CIO — FedEx and UPS are always seeking a competitive edge over one another. And as the two companies are encroaching on each other’s primary businesses (UPS on overnight delivery and FedEx on ground delivery), they are concurrently stepping up their wireless deployments as well. The reason: operational efficiency?a critical business requirement aimed at shaving costs, increasing reach and doing more with the same resources.

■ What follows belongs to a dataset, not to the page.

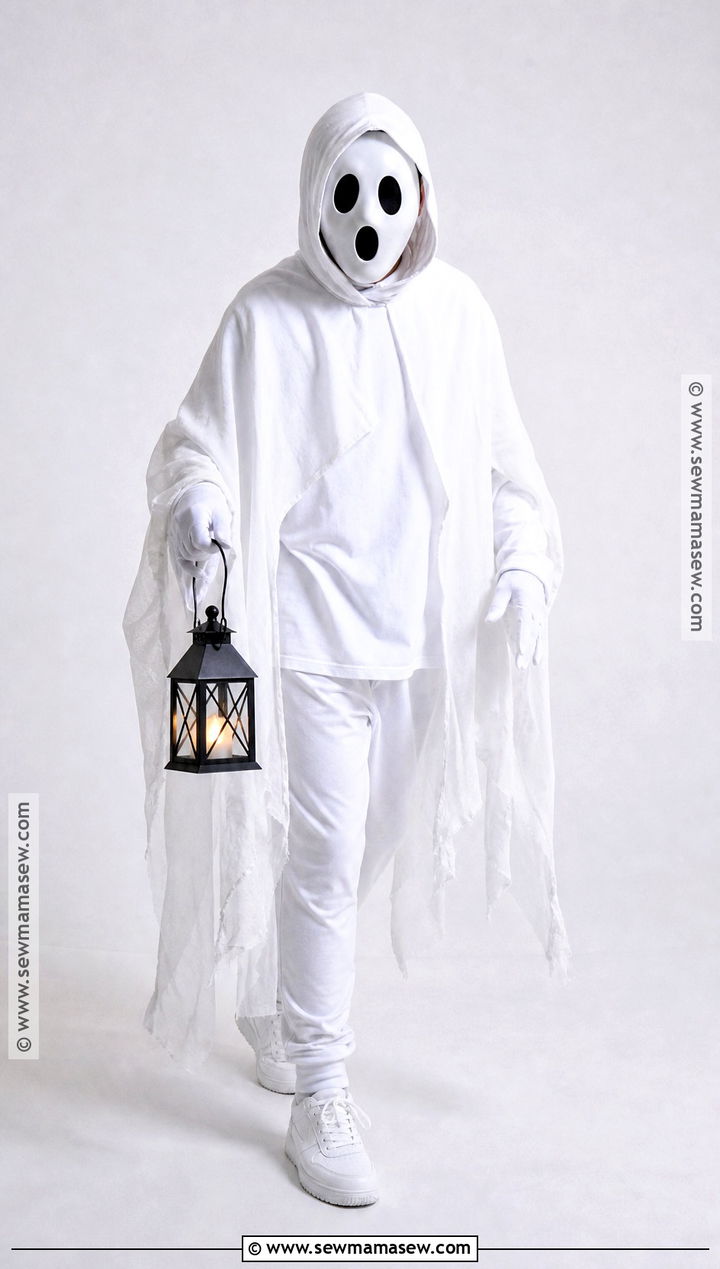 White Ghost Halloween Mask Costume - 40 halloween mask ideas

Their approaches to deploying wireless technologies over the past 15 years have been markedly different?FedEx has led the way with cutting-edge applications, while UPS has been slower and more deliberate. UPS refreshes its technology base roughly every five to seven years, when it rolls out a unified system in stages that it synchronizes with the life span of the older system. FedEx deploys new technologies as soon as it can justify the cost and demonstrate improved efficiencies and customer benefit. But the goal is the same for both companies: to utilize next-generation wireless technologies in order to better manage the delivery of millions of packages that flow through dozens of sorting facilities every day. "FedEx is in a startup way, while UPS is fairly staid," says Kevin Tynan, a senior equity analyst at Argus Research. "They have two different ways of ending up at essentially the same point." Recently, these two pioneers in wireless applications utilization have increased their use of off-the-shelf solutions. The two companies are exploiting new wireless technologies in their differing attempts at aiding the two main components of their operations: pickup/delivery and packaging/sorting. Both are also looking ahead to potential applications of radio frequency identification and GPS wireless technologies (see "New Technologies Hit Mainstream," Page 30).
The Wireless Advantage
UPS and FedEx have used various forms of wireless technology since the late 1980s, usually proprietary processes developed with vendors. But in recent years, both have switched to standards-based technologies such as 802.11b wireless LANs, Bluetooth short-range wireless links and general packet radio service (GPRS) cellular networks that provide lower development and maintenance costs, greater throughput and security, and lower acquisition and deployment costs.
"Wireless data connectivity is something we’ve done for many years. But we had to provide our own bandwidth and we had to develop technology to manage it. Now that commercial products are out there, we have alternatives," says FedEx Executive Vice President and CIO Rob Carter. But as with their overall approaches to technology, the companies’ wireless strategies differ. "You only have a six-month advantage in this industry. The technology is not a secret, it’s what you do with it," says UPS Senior Vice President and CIO Ken Lacy.